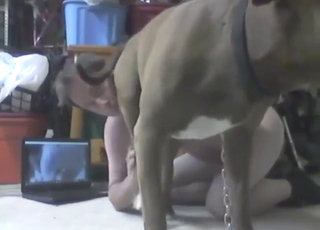 Dude gets to suck off a brown dog's hard dick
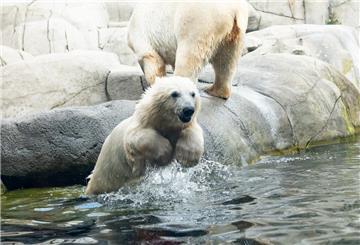 Die kleine Eisbärin hüpft neben ihrer Mutter ins Wasserbecken im Außengehege in Hamburgs Tierpark Hagenbeck.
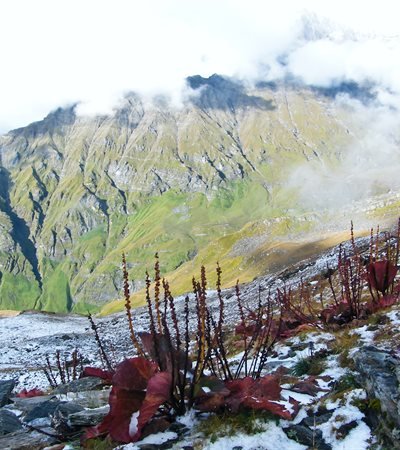 img-nanda-devi-base-camp-trek-Bikat-Adventures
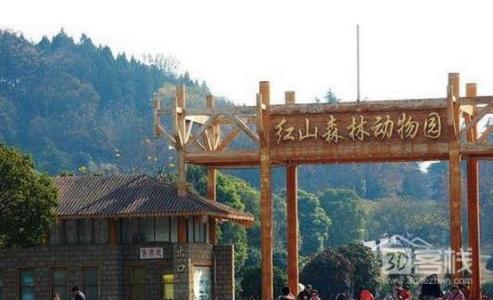 南京红山森林动物园 南京红山森林动物园 南京红山森林动物园-园区概况，南京红山森林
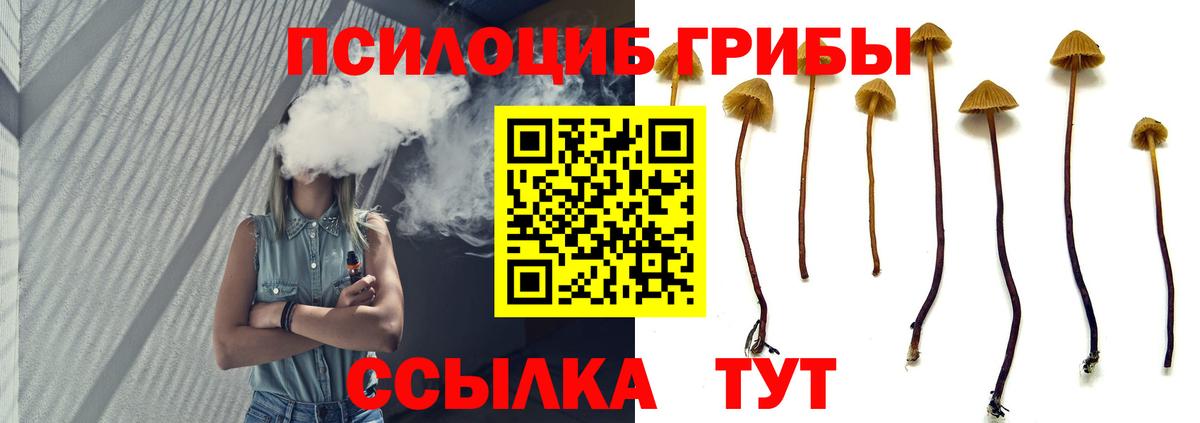 Сарапул  Галлюциногенные грибы MAGIC MUSHROOMS  Вход с VPN 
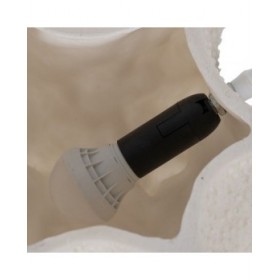 Lampada da tavolo Bianco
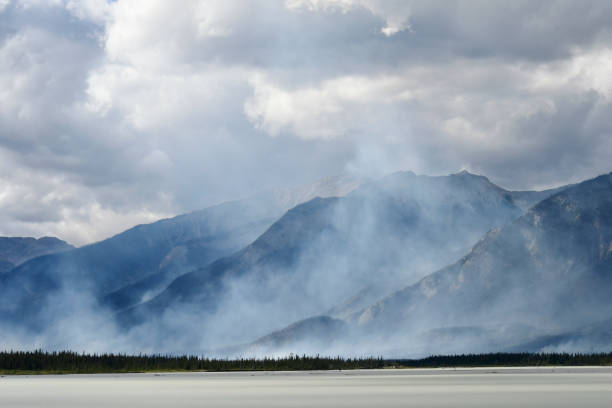 istock Forest Fire in the Canadian Rocky Mountains 1425712384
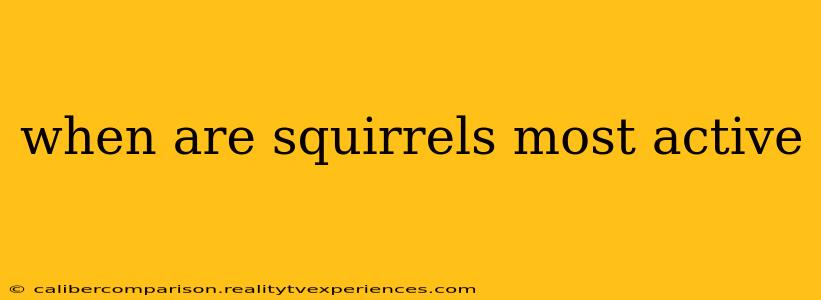 when are squirrels most active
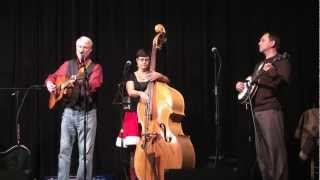 Carolina Lightin' - A Christmas Letter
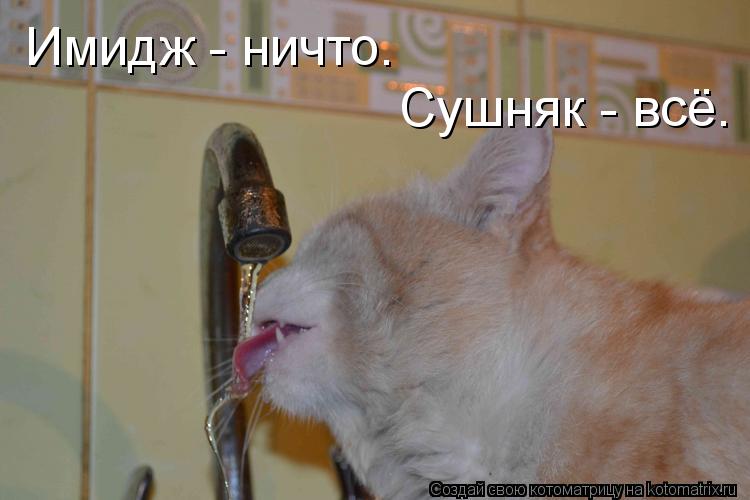 Открытка с похмельем тебя Открытка с похмельем тебя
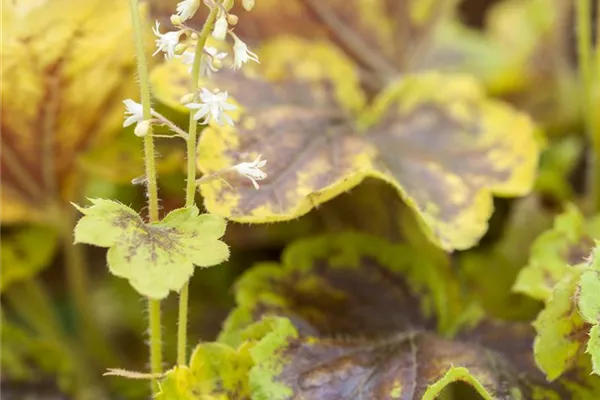 Garten-Bastardschaumblüte 'Solar Eclipse'®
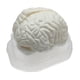 thumbnail image 1 of Modelo de Cerebro , Juguete de Anatomía, Equipo de Enseñanza Escolar, Juguetes de para Niños, 1 of 8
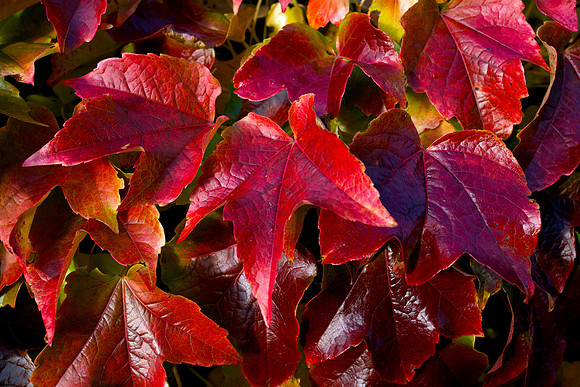 Autumn Stock_Leaves_4036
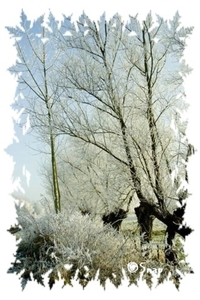 Wintersfeer 2009 (16)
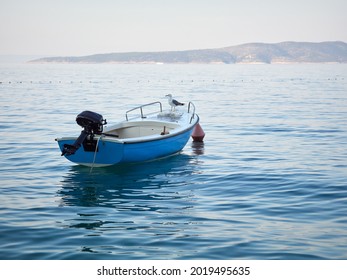 Seagull sitting on a small motorboat in the Adriatic Sea.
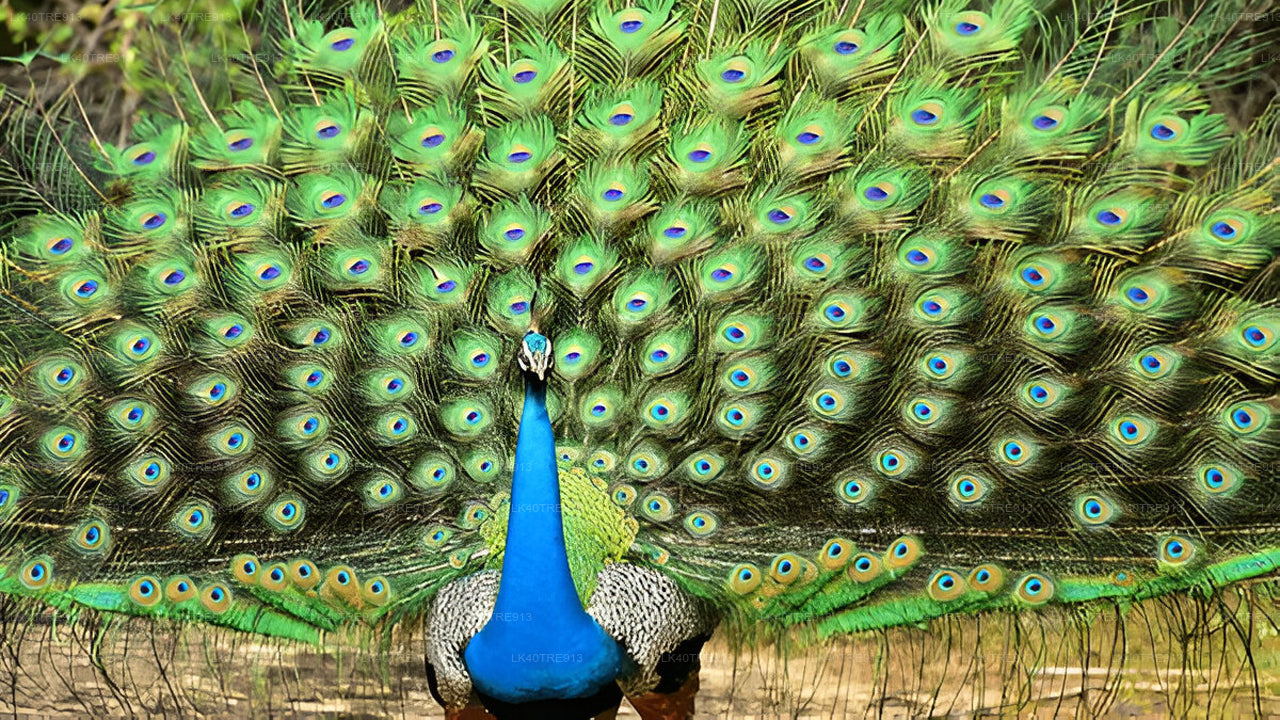 Privat rundtur från Sigiriya till Kandy med Wasgamuwa Safari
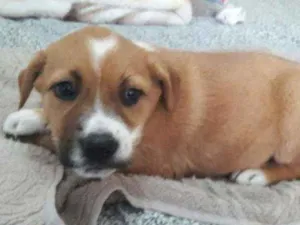 Cachorro raça SRD idade Abaixo de 2 meses nome Sem nome_ filhote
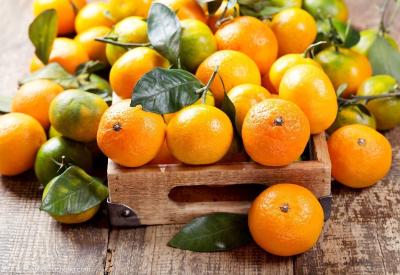 【柑橘】柑价是个“黑洞”，换种能否解决问题？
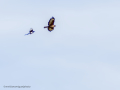 Aguila ratonera - Buteo buteo - Busardo ratonero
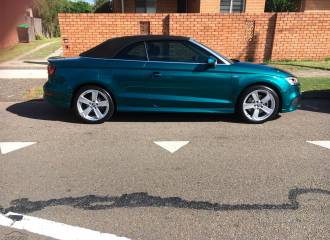 Образец цвета LZ6P GOMERAGRUEN на автомобиле - №3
•••••
◆ **What this task involves**
Restate word for word the lines running from the first line of the material to the line containing "南京红山森林动物园 南京红山森林动物园 南京红山森林动物园-园区概况，南京红山森林", inclusive, and drop every picture.

◆ **Response to this exercise**
 Dude gets to suck off a brown dog's hard dick
 Die kleine Eisbärin hüpft neben ihrer Mutter ins Wasserbecken im Außengehege in Hamburgs Tierpark Hagenbeck.
 img-nanda-devi-base-camp-trek-Bikat-Adventures
 南京红山森林动物园 南京红山森林动物园 南京红山森林动物园-园区概况，南京红山森林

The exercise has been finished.